Les formes du trouble

Les formes du trouble

Nous l’annoncions dans notre précédent numéro, la galerie Contenus débordants à Toulon vient d’inaugurer sa nouvelle exposition, Trouble Markers, visible jusqu’au 24 octobre. Une proposition imaginée par Sandra Mauro, née du dialogue avec de jeunes artistes, tous diplômés de l’ESADTPM : Ellvina Bimanato, Thomas Buffenoir, Bonnie Caparros, Gabriel Garçonnat, Enzo Massa, Jason Omer, Tifenn Pâris, Steven Roger et Gabriel Santarelli.

La galerie toulonnaise est investie du sol au plafond par leurs productions, issues de démarches et d’esthétiques multiples : de la peinture à l’objet, de l’impression numérique à la vidéo. Prélevées dans le corpus de chacun, ces pièces composent une conversation sensible et inattendue, où formes et matérialités se frottent et se répondent. Reliées par une même intensité, elles ouvrent des espaces de doute et d’instabilité, cultivent les marges de la perception et donnent à voir l’image comme question plutôt que comme réponse.

Avec son sol miroitant, cette mise en espace ne cherche pas à expliquer : elle propose d’éprouver, de suspendre le regard, d’ouvrir un champ où l’invisible et l’indécis deviennent matière à imaginer.

Certains y font le choix du jeu, non comme divertissement, mais comme puissance de réinvention. Une manière d’empoigner le réel, dans sa dureté comme dans sa vacuité, où la désobéissance joyeuse n’est jamais très loin. D’autres investissent l’espace du care, ce soin porté à l’être, aux lieux, aux minorités, aux présences qui échappent aux normes. Plusieurs expriment un désir d’être soi, une liberté tenace, dans la différence, à la marge ou par l’humour. Quelques-uns interrogent avec poésie la mémoire lacunaire, le territoire mouvant, l’identité fluide, le visible toujours partiel. Ces pièces explorent l’entre-deux, ouvrent des seuils, exigent une qualité d’attention. Elles dialoguent non par la forme mais par une manière commune d’habiter le réel, ni simple ni transparent, et dessinent un monde aux contours mouvants et perturbants, à éprouver et à tenter de comprendre. Une traversée liminale, au cœur du trouble.

Tous ces artistes partagent un ancrage commun : ils s’inscrivent pleinement dans la scène toulonnaise.
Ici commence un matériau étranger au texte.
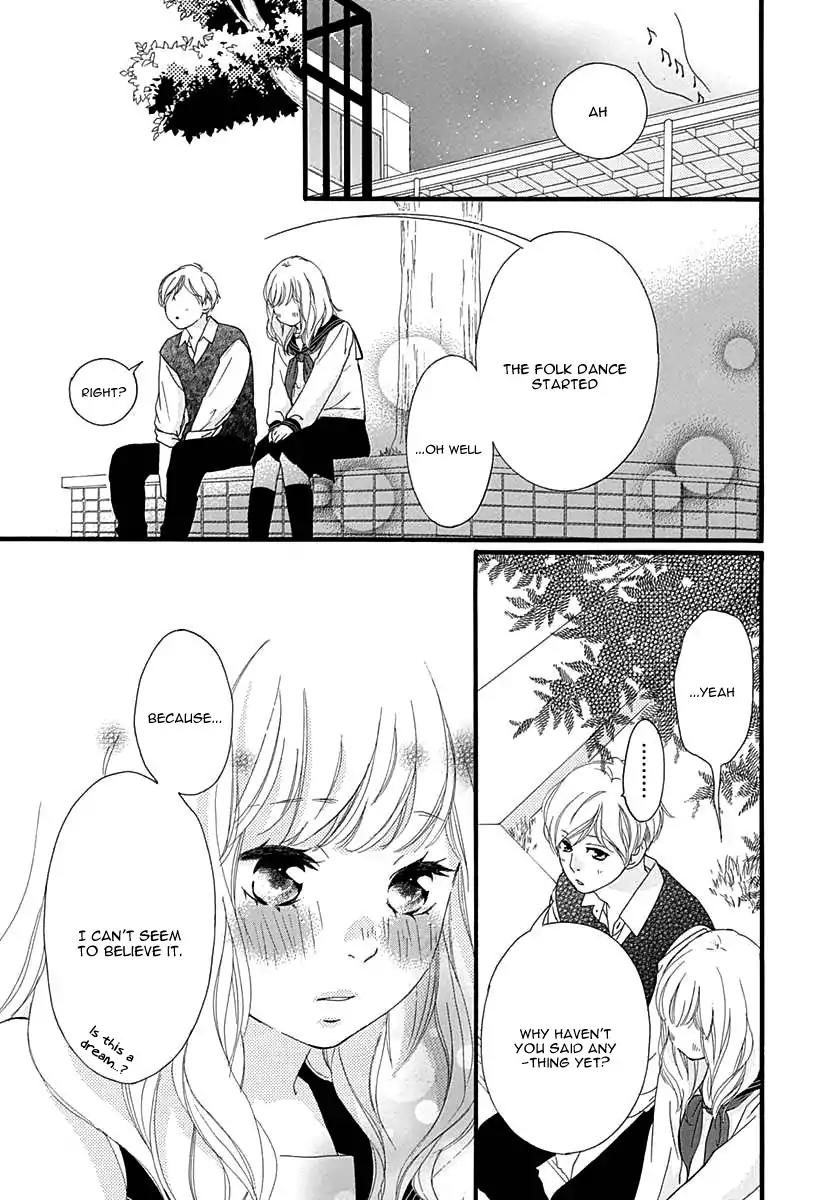 Omoi, Omoware, Furi, Furare Chapter 27 page 42 - Chapter 27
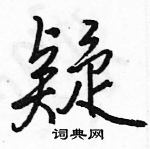 疑怎么写好看,疑硬笔书法图片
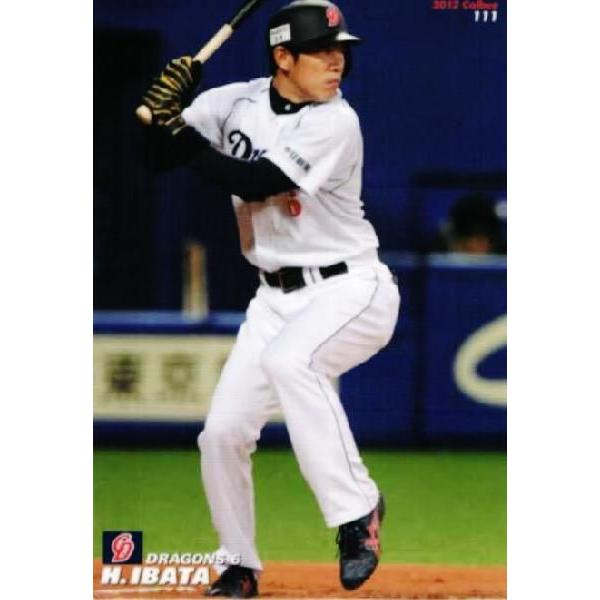 111 【井端弘和/中日ドラゴンズ】カルビー 2012プロ野球チップス第2弾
Thomas Buffenoir et Tifenn Pâris, par exemple, travaillent à l’atelier Calabrun aux côtés d’Henri Salamero, son initiateur, et de Célia Perez, Arthur Guy et Ambre Macchia. Plus qu’un lieu de travail, Calabrun se veut un espace vivant d’expositions et d’événements, dédié à la création contemporaine et à la jeune scène artistique.

De leur côté, Gabriel Garçonnat et Gabriel Santarelli portent le collectif TaTonTitre, accompagné par Virginie Sanna et Yann Perol. Ce projet expographique itinérant se déploie à chaque édition dans un nouvel espace, réaménagé pour l’occasion, et associe une expérience culinaire pensée en résonance avec le contexte et les thématiques explorées.

Enfin, Sandra Mauro poursuit avec Christine Heitzler l’aventure de Particules complémentaires, structure membre du réseau RAVE (Réseau des Arts Visuels Essentiels) dans le Var, depuis 2017.